District trustees will consider adopting the policy at the Aug. 4 meeting. If approved, the policy would affect about a third of the students all cheerleaders and athletes.

Bret Harte High's athletic director, Rich Cathcart, said the policy was proposed after students approached campus officials "saying there's a problem."

"The coaches were concerned that our athletes weren't performing as well as they should and that maybe drug use was causing that," he said.

Last night, District Superintendent Joseph Wilimek emphasized that the policy is designed to be helpful, not punitive.

He said the policy recommends testing all athletes at the beginning of each season, with random tests weekly during the fall, winter and spring seasons.

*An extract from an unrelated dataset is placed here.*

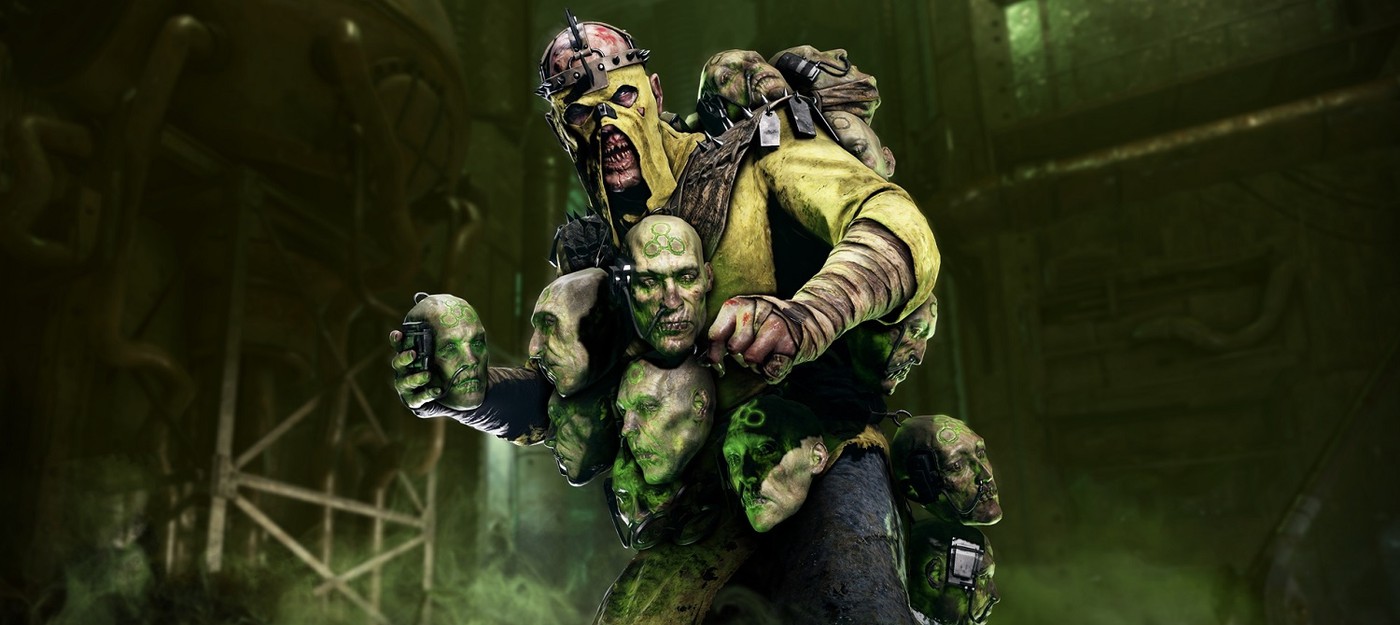 Fatshark анонсировала обновление Path of Redemption для Warhammer 40,000: Darktide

He explained that the initial urine test would be done at school and if a litmus paper test was positive, the sample would be sent to an outside lab. That lab would test for seven drugs: amphetamines, barbiturates, benzodiazepines, cocaine, marijuana, opiates and alcohol.

The proposed policy describes procedures that would take place if a student tests positive for one of the drugs. Procedures include a conference with parents, district superintendent, the student and the principal.

Before participating in a sport again, such a student would have to enroll in a drug education program. The student would also have to submit to a urinalysis every 30 days. These tests would continue for as long as necessary, as determined by an intervention program.

After completing the program, the student athlete must have a doctor's clearance stating that he or she is drug-free and physically fit to again participate in athletics.